Les gens s'amusaient à me parler de mon « regard » ou je ne sais quoi ? Très bien ils auront ce qu'ils veulent.
- Plutôt étrange que ta super soupe aient soigné Randall et Cassiopée mais que Royale n'ait rien eu non ?
- C'est un hasa-
Je ne l'ai pas laissé reprendre l'avantage dans la conversation avec son ton acerbe et son air dur.
- On serait tenté de te soupçonner d'avoir prévu le coup et sélectionné ta victime après avoir contaminé plusieurs personnes, mais c'est moi qui suis spontanément venue te voir pour Cassiopée, et qui ait aussi dirigé Randall vers toi. C'est ma faute si je ne l'ai pas conseillé à Royale non plus, tu n'aurais pas refusé, et tu ne pouvais pas prévoir que je le ferais ou pas.
Pour la première fois Mizuki semblait déstabilisée, mais je le remarquai à peine, lancée dans mon élan :
- Et même si c'est louche, quelque chose me dit que tu n'as pas tué Royale, et tu sais pourquoi ? Parce que je sais que ta salle de bain est un capharnaüm et que tu as décroché le miroir pour le cacher face au mur, je me souviens que tu nous as déjà parlé de toutes les horreurs que tu avais vu, notamment de tes amis que tu as vu mourir, j'ai vu la façon dont tu dis que tout le monde peut être un meurtrier et comme tu les méprises avec une haine brûlante.
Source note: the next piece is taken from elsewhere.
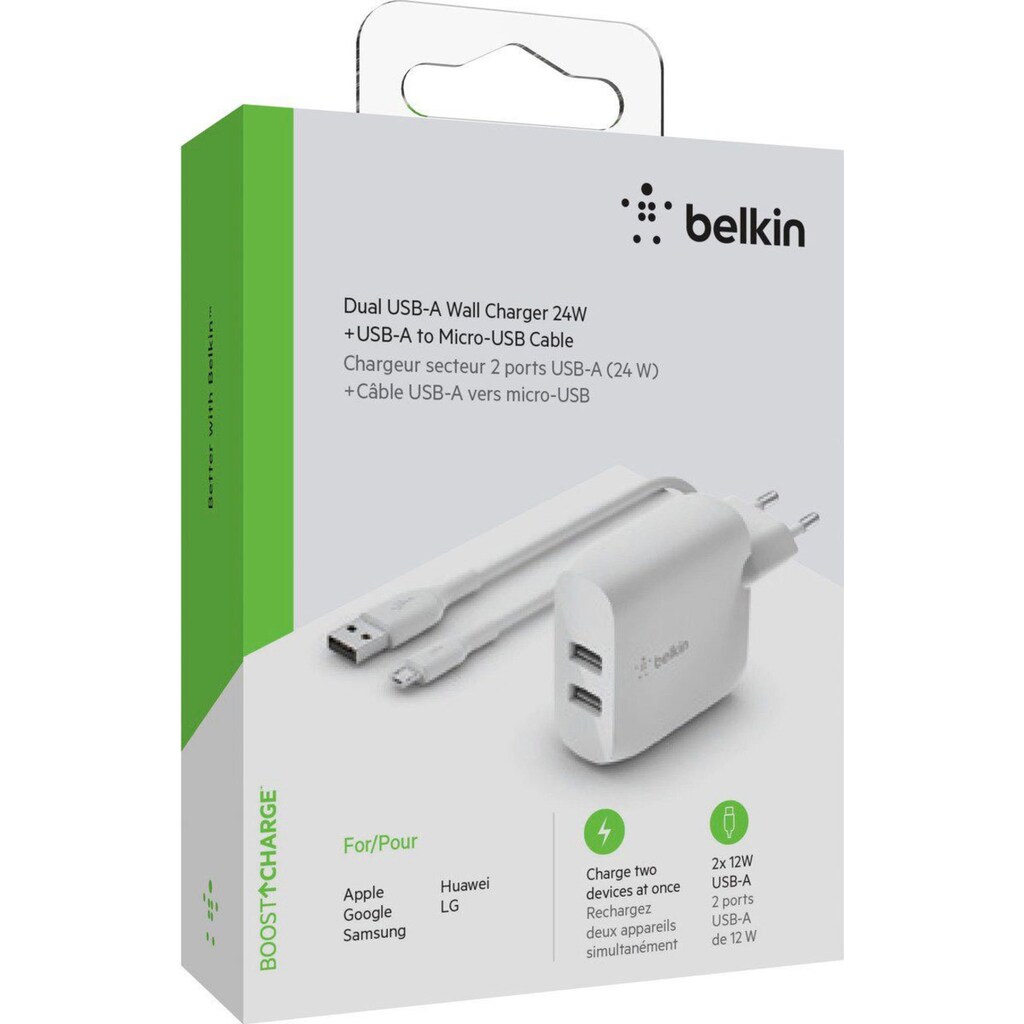 Belkin USB-Ladegerät »Dual USB-A Ladegerät incl. Micro-USB Kabel 1m 24W«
Tu prends plaisir à nous provoquer sans cesse, à t'isoler en permanence. Cette pique sur Mélanie était à peu près aussi subtile que le crush de Léo sur Remington. Je crois que tu n'as pas tué Royale parce que tu ne veux tuer personne Mizuki, tu veux que quelqu'un te tue. Je crois que tu as du sang sur les mains mais tu n'arrives pas à y ajouter le tien, alors tu espères que quelqu'un s'en charge pour toi. Mais tu n'arrives pas à te montrer vulnérable, juste désagréable. Alors personne n'ose t'attaquer malgré tes provocations.
Je l'ai vu serrer des mâchoires, elle semblait blessée. Je me suis immédiatement adoucie en voyant la douleur sur son visage, mais je n'eus pas le temps d'ajouter quoi que ce soit, elle s'était levé lentement, et elle a pointé du doigt la porte d'un geste qui semblait tranquille mais ne l'était pas, c'était de la rage à peine contenue. Elle déclara la voix grave :
- Sors d'ici.
- J-
- MAINTENANT
Elle avait aboyé son ordre avec une violence si brutale que j'ai sauté de ma chaise et je suis partie vers la porte d'entrée sans protester. Je regrettais, j'étais allée trop loin, je-
...Non ce que je devais faire c'était trouver le meurtrier. J'ai posé mes poings sur mes paupières closes en respirant profondément.
J'avais bien fait, j'avais bien fait. Ça suffisait de me cacher et de me recroqueviller à la moindre agression et au moindre danger. Je n'avais plus 10 ans, je n'étais plus là-bas, j'étais capable de le faire.
J'ai rouvert les yeux et je me suis dirigée vers le suspect suivant.